▸ **ENTRIES SHOWN**
»»

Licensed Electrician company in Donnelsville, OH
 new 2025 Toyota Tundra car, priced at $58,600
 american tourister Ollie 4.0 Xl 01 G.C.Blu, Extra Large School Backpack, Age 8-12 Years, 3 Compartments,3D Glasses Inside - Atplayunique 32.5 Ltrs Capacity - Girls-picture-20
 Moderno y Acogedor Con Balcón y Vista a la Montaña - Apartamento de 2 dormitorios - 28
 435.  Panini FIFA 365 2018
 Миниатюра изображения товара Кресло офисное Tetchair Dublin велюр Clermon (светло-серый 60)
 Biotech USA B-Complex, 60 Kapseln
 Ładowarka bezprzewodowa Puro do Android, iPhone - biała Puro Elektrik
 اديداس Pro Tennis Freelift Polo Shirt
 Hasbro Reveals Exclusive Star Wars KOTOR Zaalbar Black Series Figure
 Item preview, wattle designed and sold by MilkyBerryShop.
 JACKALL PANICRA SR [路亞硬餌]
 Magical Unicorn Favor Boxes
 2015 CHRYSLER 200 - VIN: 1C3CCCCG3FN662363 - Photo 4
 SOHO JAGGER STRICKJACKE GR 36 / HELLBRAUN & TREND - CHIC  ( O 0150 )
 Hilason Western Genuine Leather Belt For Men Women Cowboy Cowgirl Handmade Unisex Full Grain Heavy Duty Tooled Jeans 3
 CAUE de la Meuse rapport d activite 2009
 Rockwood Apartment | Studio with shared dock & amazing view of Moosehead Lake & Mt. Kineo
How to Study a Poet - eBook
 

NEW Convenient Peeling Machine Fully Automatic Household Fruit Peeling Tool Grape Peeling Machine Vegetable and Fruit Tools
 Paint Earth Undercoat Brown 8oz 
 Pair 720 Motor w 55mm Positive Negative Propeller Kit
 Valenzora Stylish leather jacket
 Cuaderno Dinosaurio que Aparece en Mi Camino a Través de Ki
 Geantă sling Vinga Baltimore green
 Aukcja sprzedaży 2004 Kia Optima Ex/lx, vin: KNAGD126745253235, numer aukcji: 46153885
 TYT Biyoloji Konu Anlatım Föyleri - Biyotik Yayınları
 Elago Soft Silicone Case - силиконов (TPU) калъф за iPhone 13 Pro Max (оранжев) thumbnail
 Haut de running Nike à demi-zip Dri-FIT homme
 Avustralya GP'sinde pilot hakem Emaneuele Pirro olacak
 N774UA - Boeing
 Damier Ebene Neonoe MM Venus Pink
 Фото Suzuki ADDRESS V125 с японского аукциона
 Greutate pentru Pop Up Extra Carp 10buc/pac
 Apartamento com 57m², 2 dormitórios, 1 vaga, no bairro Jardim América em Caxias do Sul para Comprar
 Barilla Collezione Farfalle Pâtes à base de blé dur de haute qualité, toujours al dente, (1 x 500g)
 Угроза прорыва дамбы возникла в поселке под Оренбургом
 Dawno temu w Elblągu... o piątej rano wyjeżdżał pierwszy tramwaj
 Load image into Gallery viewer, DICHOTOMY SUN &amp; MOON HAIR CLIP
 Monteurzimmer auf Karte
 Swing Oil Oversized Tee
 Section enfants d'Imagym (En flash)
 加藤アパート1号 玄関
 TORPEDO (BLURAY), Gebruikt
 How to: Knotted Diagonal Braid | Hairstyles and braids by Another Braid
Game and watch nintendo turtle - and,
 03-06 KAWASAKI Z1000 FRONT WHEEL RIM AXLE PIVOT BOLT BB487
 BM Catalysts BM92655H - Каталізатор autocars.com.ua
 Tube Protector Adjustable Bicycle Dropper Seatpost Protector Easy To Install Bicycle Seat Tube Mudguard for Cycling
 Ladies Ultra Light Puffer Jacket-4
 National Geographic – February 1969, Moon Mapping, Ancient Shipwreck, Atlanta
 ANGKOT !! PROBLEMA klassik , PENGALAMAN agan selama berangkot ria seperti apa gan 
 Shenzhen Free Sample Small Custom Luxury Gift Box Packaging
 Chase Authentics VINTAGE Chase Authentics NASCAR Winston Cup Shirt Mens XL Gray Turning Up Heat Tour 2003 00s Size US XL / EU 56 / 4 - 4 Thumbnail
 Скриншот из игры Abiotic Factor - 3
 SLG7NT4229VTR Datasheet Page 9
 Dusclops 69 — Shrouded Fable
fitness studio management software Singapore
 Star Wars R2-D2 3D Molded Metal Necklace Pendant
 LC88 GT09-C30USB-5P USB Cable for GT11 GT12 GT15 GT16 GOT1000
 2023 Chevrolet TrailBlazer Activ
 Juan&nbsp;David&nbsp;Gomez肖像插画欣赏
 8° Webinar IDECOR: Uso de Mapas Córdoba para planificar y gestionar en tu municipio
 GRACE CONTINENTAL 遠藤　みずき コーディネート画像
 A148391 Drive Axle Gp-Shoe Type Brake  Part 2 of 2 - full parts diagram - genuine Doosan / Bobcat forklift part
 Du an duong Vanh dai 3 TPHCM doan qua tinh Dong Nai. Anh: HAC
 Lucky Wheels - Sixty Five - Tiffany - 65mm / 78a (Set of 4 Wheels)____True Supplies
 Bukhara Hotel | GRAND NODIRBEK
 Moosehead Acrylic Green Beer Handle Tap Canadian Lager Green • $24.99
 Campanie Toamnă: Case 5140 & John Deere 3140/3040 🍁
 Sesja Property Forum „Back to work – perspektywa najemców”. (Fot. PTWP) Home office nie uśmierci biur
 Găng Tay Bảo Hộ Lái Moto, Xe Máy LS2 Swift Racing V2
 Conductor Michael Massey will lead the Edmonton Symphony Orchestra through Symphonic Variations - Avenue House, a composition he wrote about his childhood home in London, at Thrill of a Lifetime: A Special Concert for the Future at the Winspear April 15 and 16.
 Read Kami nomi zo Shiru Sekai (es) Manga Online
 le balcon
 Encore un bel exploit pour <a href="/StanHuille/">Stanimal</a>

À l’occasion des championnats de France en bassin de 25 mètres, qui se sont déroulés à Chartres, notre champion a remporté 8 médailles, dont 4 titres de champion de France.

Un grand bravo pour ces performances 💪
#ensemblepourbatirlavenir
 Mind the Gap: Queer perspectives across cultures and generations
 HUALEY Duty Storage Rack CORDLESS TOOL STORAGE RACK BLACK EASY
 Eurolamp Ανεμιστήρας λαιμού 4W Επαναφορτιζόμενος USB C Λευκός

««

▸ **WORK TO BE COMPLETED**
The response must hold only the lines above from the line with "2023 Chevrolet TrailBlazer Activ" through the line with "Moosehead Acrylic Green", each copied exactly, both ends kept.

▸ **ANSWER SECTION**
 2023 Chevrolet TrailBlazer Activ
 Juan&nbsp;David&nbsp;Gomez肖像插画欣赏
 8° Webinar IDECOR: Uso de Mapas Córdoba para planificar y gestionar en tu municipio
 GRACE CONTINENTAL 遠藤　みずき コーディネート画像
 A148391 Drive Axle Gp-Shoe Type Brake  Part 2 of 2 - full parts diagram - genuine Doosan / Bobcat forklift part
 Du an duong Vanh dai 3 TPHCM doan qua tinh Dong Nai. Anh: HAC
 Lucky Wheels - Sixty Five - Tiffany - 65mm / 78a (Set of 4 Wheels)____True Supplies
 Bukhara Hotel | GRAND NODIRBEK
 Moosehead Acrylic Green Beer Handle Tap Canadian Lager Green • $24.99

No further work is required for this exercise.